A combination of the two Swiss banks’ businesses could cement UBS’s position as an industry behemoth both home and abroad.

Most of the focus on Swiss bank UBS’s $3.25 billion acquisition of Credit Suisse will be on the swiftly prepared transaction’s ability to stem a banking crisis.

But there will also be implications for their two real estate investment management businesses, which combined are responsible for more than $160 billion of assets globally.

What the consequences will be for the 500-plus UBS professionals plying their trade for UBS Asset Management’s Real Estate & Private Markets business, or the 170 staff working for Credit Suisse Asset Management’s real estate platform, will be better known once an integration plan has been constructed. According to one source familiar with the matter, that could be four to six months away.

In the meantime, the private real estate market is left imagining an industry behemoth, dominating the Swiss market and competing on the international stage, too. Their combined heft would still significantly trail the world’s biggest landlord Blackstone’s $577 billion of real estate assets, or its rival Brookfield’s $263 billion, but would sit well in the chasing pack.

While the bank merger must still pass regulatory hurdles, there are likely to be governance considerations for the two banks’ real estate businesses, too, which could lead to the disposal of assets in the event conflicts are found.

PERE’s source said this is most likely the case in Switzerland, where Credit Suisse Asset Management is the biggest direct owner of property with approximately $34.5 billion of assets.
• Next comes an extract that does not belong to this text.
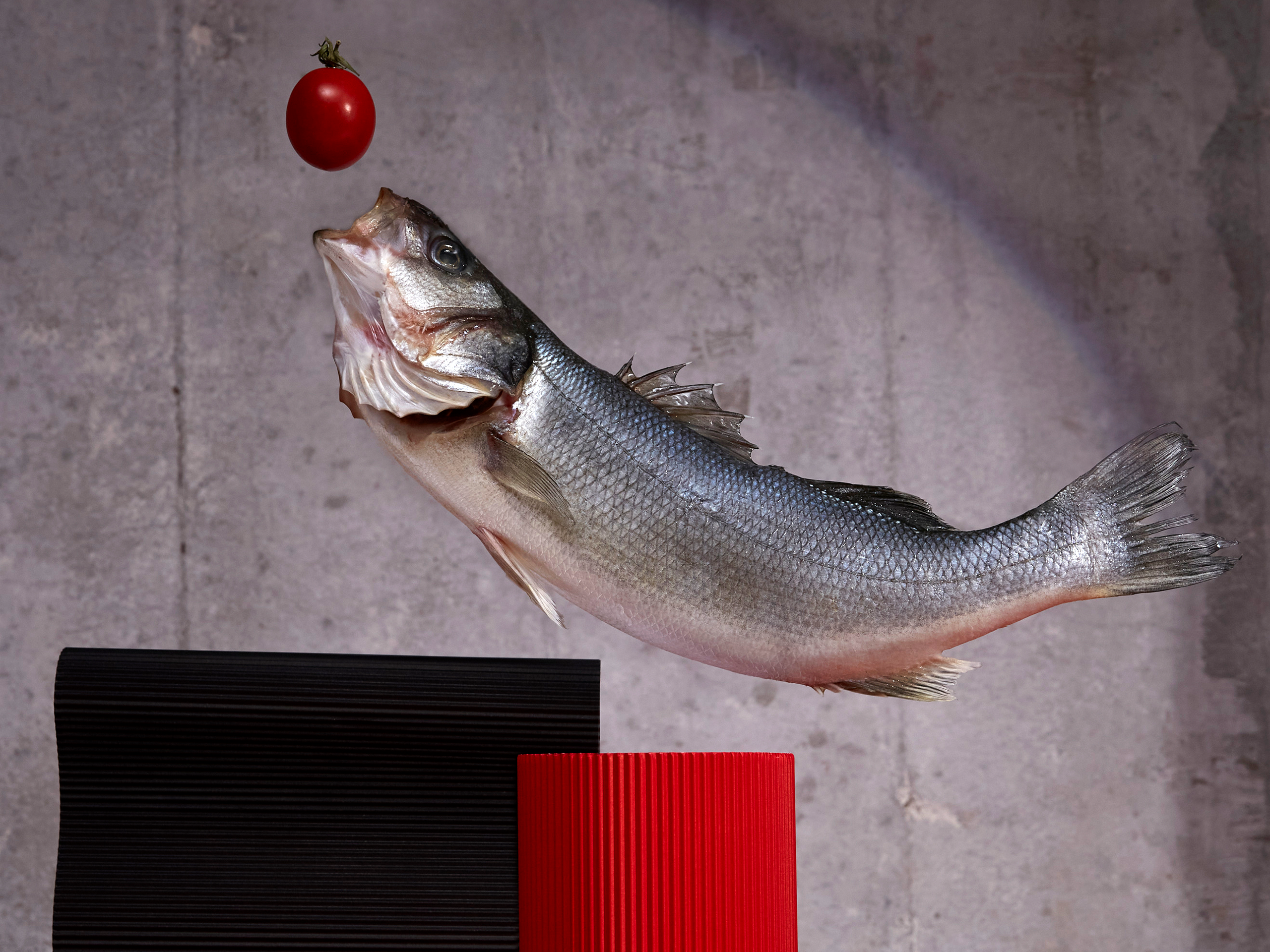 Personal stilllife project. Аксёнова Оля — сет-дизайнер, художник-постановщик, Москва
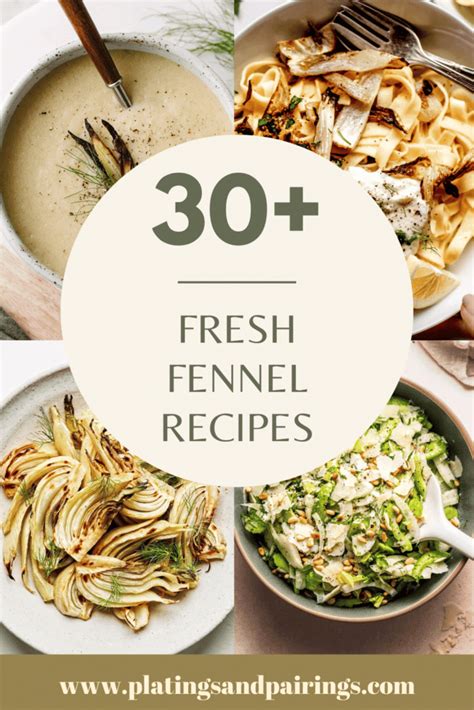 30+ EASY Fennel Recipes (Fennel Bulb Recipes)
UBS, meanwhile, includes Switzerland within its broader European holdings, which stood at about $38 billion as of Q4 2022.

There is plenty of common ground internationally too, even though Credit Suisse’s direct holdings are far smaller than those of UBS. Indeed, UBS’s approximately $30 billion of US assets are understood to be three times the size of Credit Suisse’s entire international property footprint.

Within their respective holdings, both manage the majority of their assets via core strategies but also have non-core strategies, listed and multi-manager offerings and are weighted most to Western markets.

PERE’s source said Credit Suisse Asset Management staff are yet to hear what happens next, and, as such, it will be a case of business as usual for now. He said until the deal closes at the end of the year, the two bank platforms remain competitors.